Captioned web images
■ ■ ■

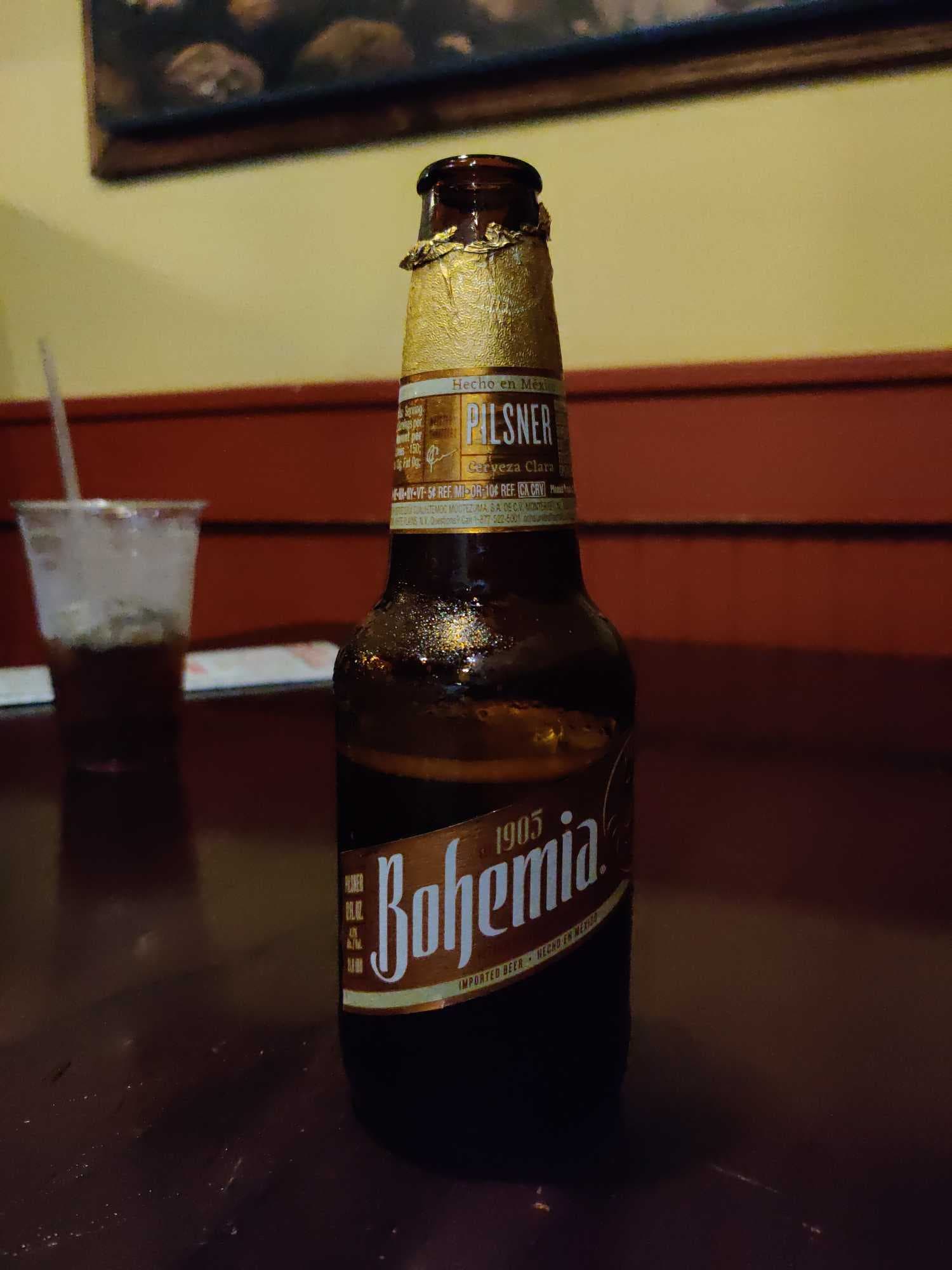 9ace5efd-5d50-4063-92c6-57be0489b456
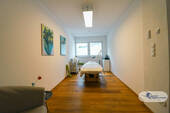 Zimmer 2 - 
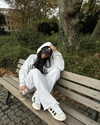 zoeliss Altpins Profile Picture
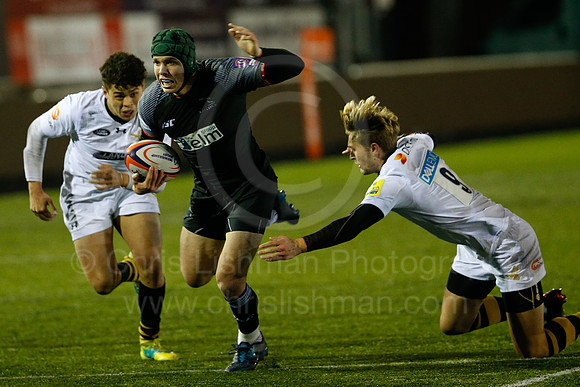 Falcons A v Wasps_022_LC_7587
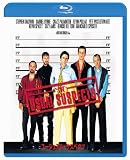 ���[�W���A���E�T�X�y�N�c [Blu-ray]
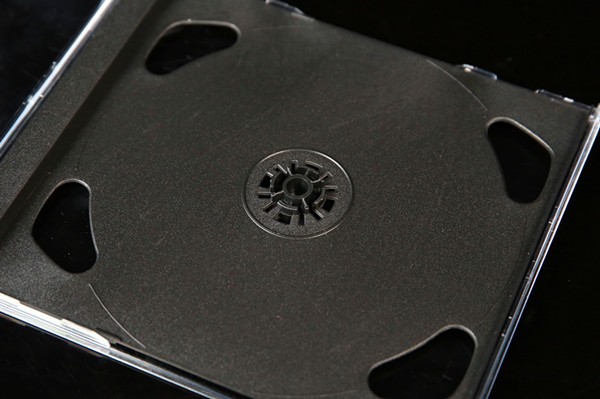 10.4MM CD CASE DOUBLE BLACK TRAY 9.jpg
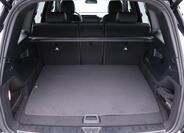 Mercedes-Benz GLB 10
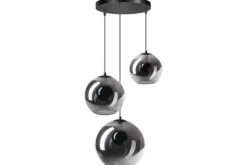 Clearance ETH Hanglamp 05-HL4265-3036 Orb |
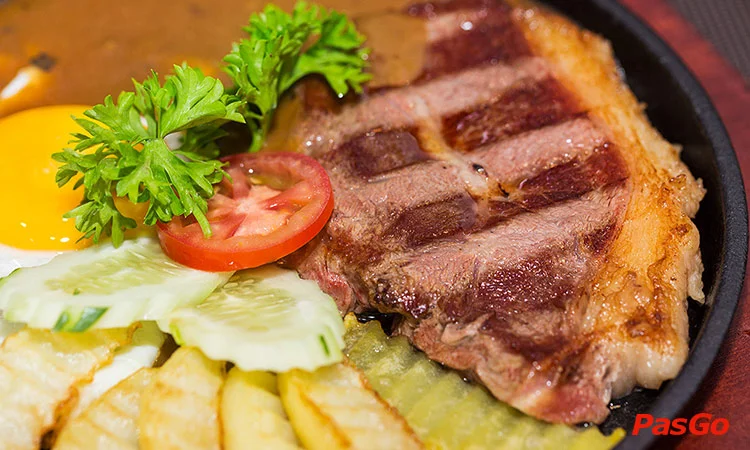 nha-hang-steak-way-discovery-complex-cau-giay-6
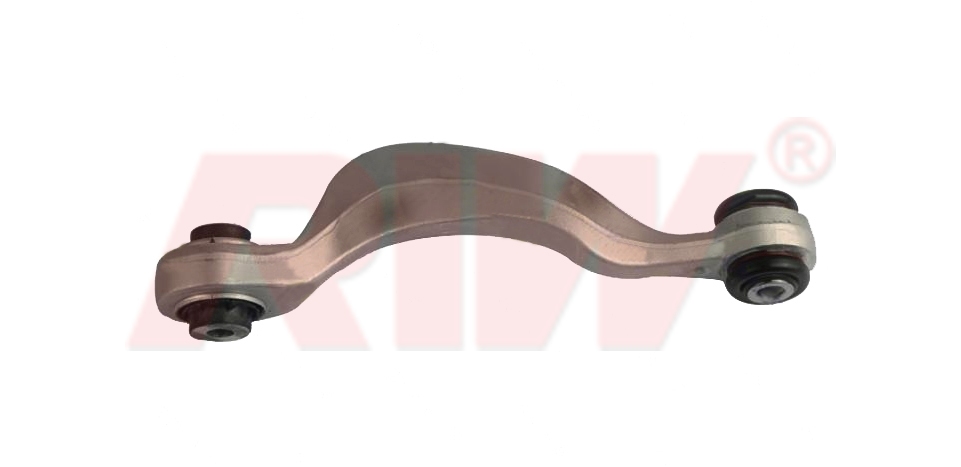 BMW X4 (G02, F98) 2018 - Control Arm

■ ■ ■

■ **TASK DESCRIPTION**: Transcribe each record above exactly, leaving every picture out of the copy.

■ **FINISHED EXERCISE**:
 9ace5efd-5d50-4063-92c6-57be0489b456
 Zimmer 2 - 
 zoeliss Altpins Profile Picture
 Falcons A v Wasps_022_LC_7587
 ���[�W���A���E�T�X�y�N�c [Blu-ray]
 10.4MM CD CASE DOUBLE BLACK TRAY 9.jpg
 Mercedes-Benz GLB 10
 Clearance ETH Hanglamp 05-HL4265-3036 Orb |
 nha-hang-steak-way-discovery-complex-cau-giay-6
 BMW X4 (G02, F98) 2018 - Control Arm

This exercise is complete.